Michael knew the scale of the breakthrough, innovation and success he desired as a solo artist with the Thriller album, so that one thought transcribed on his mirror was his positive starting point. Years after his move to Neverland, the permanence of the pen’s marker had flaked and the message appeared to have disappeared to the naked eye, yet it had left its imprint embedded in the glass, because each time that mirror fogged, the faintest outline of his words could still be seen, as if it were one of those secret codes written by a magic pen. Condensation and misted glass always remind me of Michael’s written ambition.
From the eighties, nobody knew about a lot of what he created until its execution, but the idea or concept was written down somewhere he could see it daily, or recited into a voice recorder as a visualisation he could see or hear. He didn’t share ideas because he didn’t want anyone to interfere; he relied on mental strength for his focus. Between November 2003 – when he was arrested and charged – and this day in March 2005, he’s needed that strength.
Awake at 4.30am each day of the trial, he’s bracing himself, getting prepared, psyching himself up to withstand another day of ritual humiliation.

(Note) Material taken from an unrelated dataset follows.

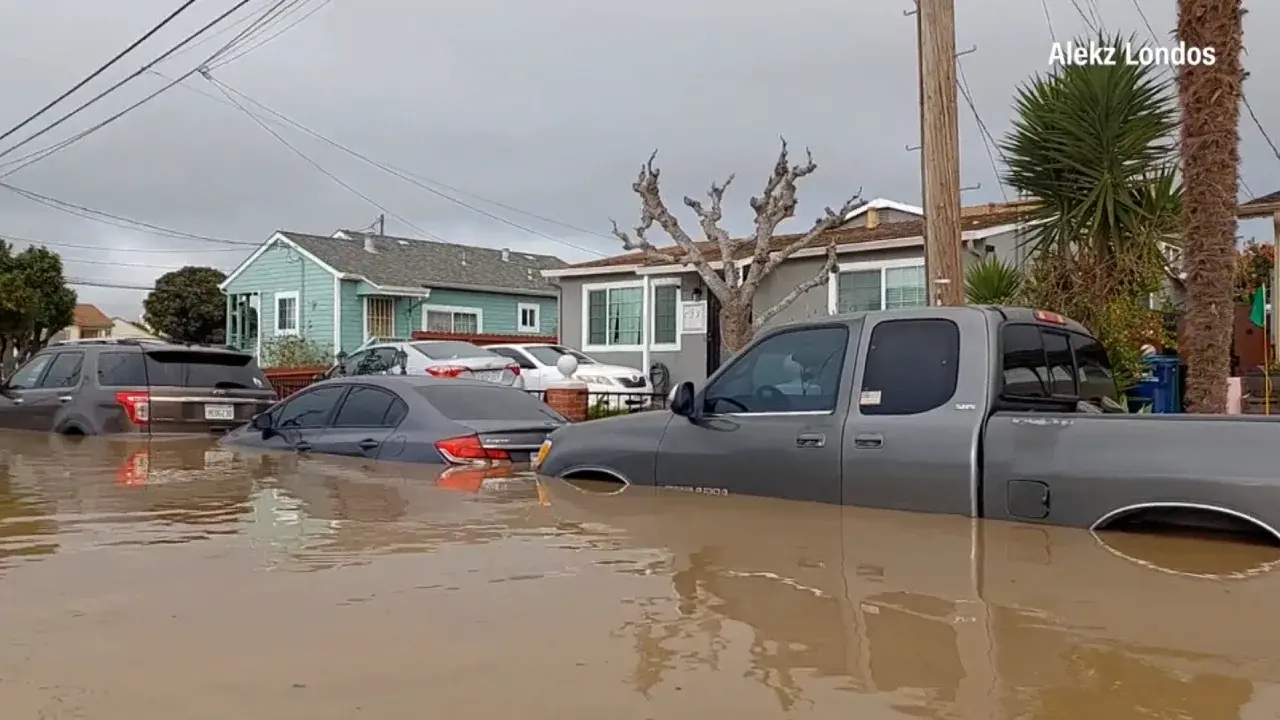 Стихийные бедствия Калифорнии.100000 калифорнийцев по-прежнему не имеют электричества,ураганный ветер, затопляют дома и угрожают 25 миллионам человек.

Yesterday, 9 March, Gavin Arvizo, the 15-year-old boy being showcased as ‘the victim’, began his incredulous testimony, going into graphic detail. I was seated behind Michael the whole time, as I have been since the start.
Outwardly, my brother projects a hardened image: detached, expressionless, almost cold. Inwardly, the bolted brackets that had been holding him together are snapping violently under pressure, one by one.
I look at my mirrored message now fading as the air rushes in, but the intent remains stark: Michael will be found innocent. I would carve it into my grandmother’s gravestone if I could. Think it, see it, believe it, make it happen.
But whatever intent I put out there is not enough to remove the ache and worry we feel as a family. I find myself constantly reflecting, going back to a time when we believed Hollywood to be only a magical place; when we believed in the Yellow Brick Road.
I watch the local news on the television in my room, looking ahead to day 11 of the trial. I think of Michael at Neverland. The cars will be pulling up in the courtyard. He will have been up four hours, eaten breakfast on a silver tray in his room, alone – stealing time on his own – before coming downstairs, giving himself 45 minutes between departure and arrival. His routine is clockwork, organised like some back-stage itinerary.
I think of all he has achieved, and all he is now being put through.
How has something so beautiful turned so twisted and ugly? Did fame do it? Is this the end-game in the American Dream when a black man achieves success on this magnitude? Is this what happens when an artist becomes bigger than his record label? Is this about publishing rights? Ruin the man, keep the money-machine?
These are the questions that race through my mind.
Are his Hollywood friends and one-time attorneys, allies and producers staying away because they regard him as nuclear – treating friendship like a sponsorship deal? What about those divisive people who whispered into a malleable ear that we, his family, should be kept at a distance, not trusted. Why aren’t they alongside him now, whispering encouragement and support?
Michael is fast realising who his friends aren’t, and what family means. But now his liberty is at stake, and everything he has built up is in danger of collapsing. I want to turn back time: lift the needle off the record and return us to the first track as the Jackson 5 – a time of togetherness, unity and brotherhood. ‘All for one, and one for all,’ as Mother used to say.